Sir David Walker has defended his report on disclosure and transparency in private equity to the UK Treasury Select Committee. He said firms will “all commit to it” or attract “the wrath” of the committee and of parliament.
Sir David Walker
A member of the committee, MP Sion Simon said Walker’s recommendation firms submit attribution analysis anonymously provided private equity firms with “a cloak of anonymity”. This was in contrast to his original proposal, which asked for firms to provide performance data individually.
Walker said attribution analysis was important. He said if the proposals were introduced on an individual basis immediately this would produce a “perverse incentive” as firms may decide to “cook the books and fiddle the figures”.
Once a template had been established Sir Mike Rake’s committee set up to vet compliance with the proposals could choose to extend attribution analysis on an individual basis within a year, he said. But until the template is established “we won’t know the economic impact of private equity”.
Walker said hostility to the industry is generated by an “inadequacy of understanding of the way private equity works” and correct data would probably serve to mellow reactions to private equity.
The main sanction provided by the Walker report is exclusion from membership of the BVCA.
When questioned which major private equity firms were not in the BVCA and therefore would not fall under the guidelines, Walker pointed to his alma mater, Morgan Stanley, where he was chairman. However, Walker said: “You can rest assured Morgan Stanley is about to become a member of the BVCA.”

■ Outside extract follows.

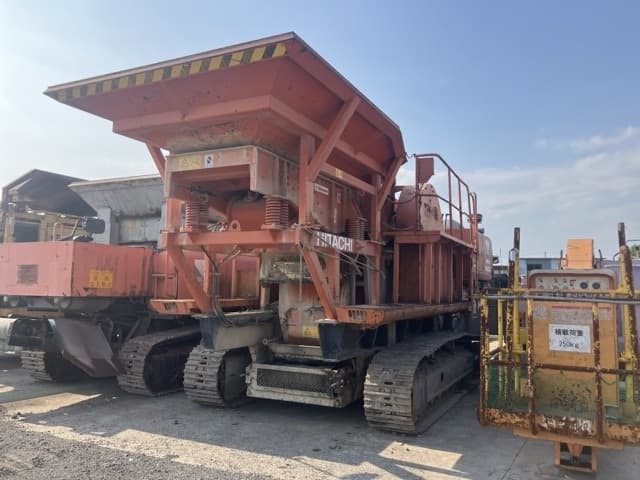 Mobile crusher — Auction (lot 8456-421)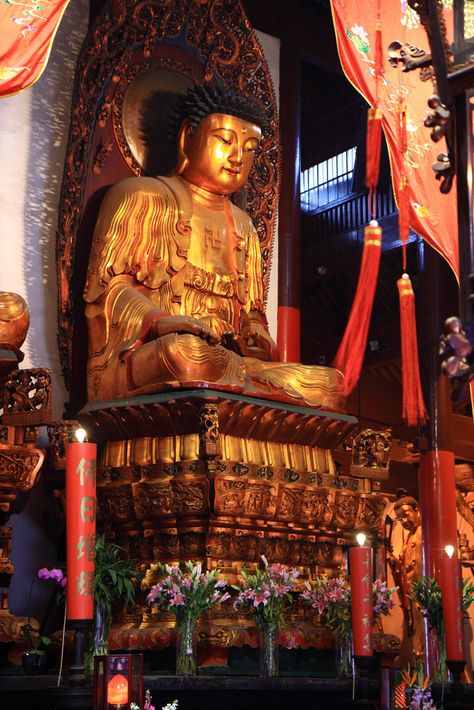 Jade Buddha Temple | The Jade Buddha Temple (玉佛禅寺) is a Buddhist temple in Shanghai, China. As with many modern Chinese Buddhist temples, the current temple draws from both the Pure Land and Chan traditions of Mahayana Buddhism. It was founded in 1882 with two jade Buddha statues imported to Shanghai from Burma. Chinese Buddhist Temple, Buddhism Aesthetic, Chinese Buddhism, Chinese Buddha, Jade Buddha, Buddhist Temples, Chinese Temple, Buddha Temple, Mahayana Buddhism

Walker also reiterated that sovereign wealth funds could be persuaded to enter a private equity-like category, if they decide to operate in the UK. The Qatar Investment Authority has already volunteered to comply with the Walker proposals having attempted a bid for UK supermarket Sainsbury’s via its investment vehicle Three Delta.
Walker also suggested the companies of UK businessman such as Robert Tchenguiz and Richard Branson should fall under the proposals. He said Branson’s bid for troubled UK bank Northern Rock was “private equity-like”.

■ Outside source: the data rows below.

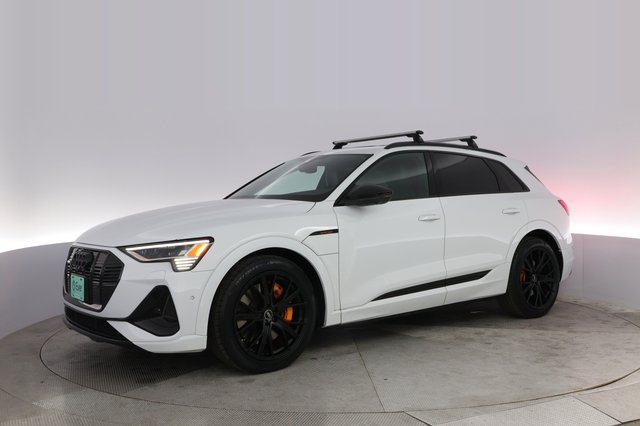 2023 Audi e-tron — photo 14 of 20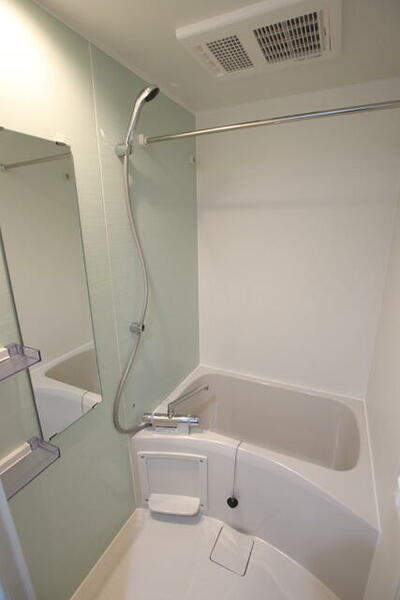 画像4:白を基調とした浴室です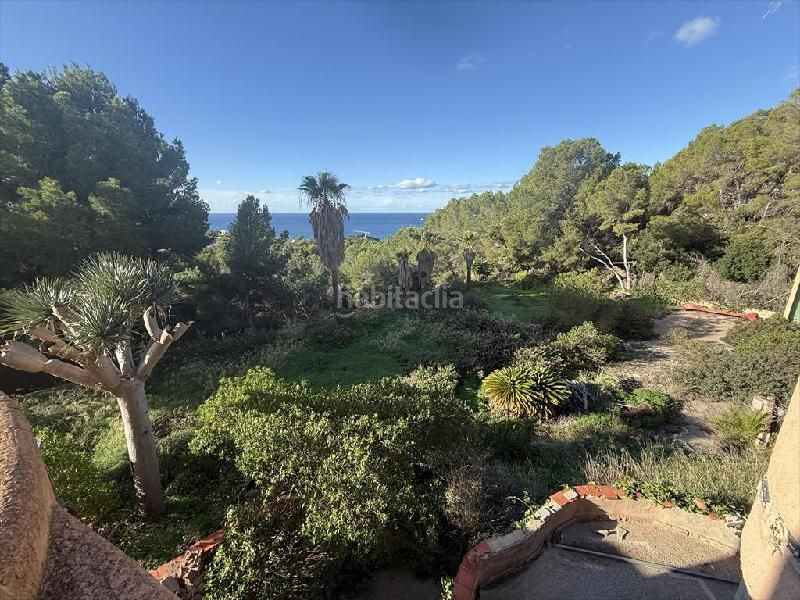 Foto d032ced0-843f-4db6-aaea-762856d39838. Chalet en Costa de la Calma Calvià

The Committee chairman John McFall, who has been an outspoken critic of the Walker report, criticised it again for several aspects including its “silence on taxation”; its “vagueness on communication with employees”; its “watered down” attribution analysis, while saying “it is uncertain” on how compliance will be enforced.
Walker said if tax evasion was carried out by private equity executives this was a matter for UK tax collector HM Revenues and Customs and he felt the UK parliament should not “legislate across the board”. He also said there were “powerful provisions in statute” to ensure private equity firms communicate with employees.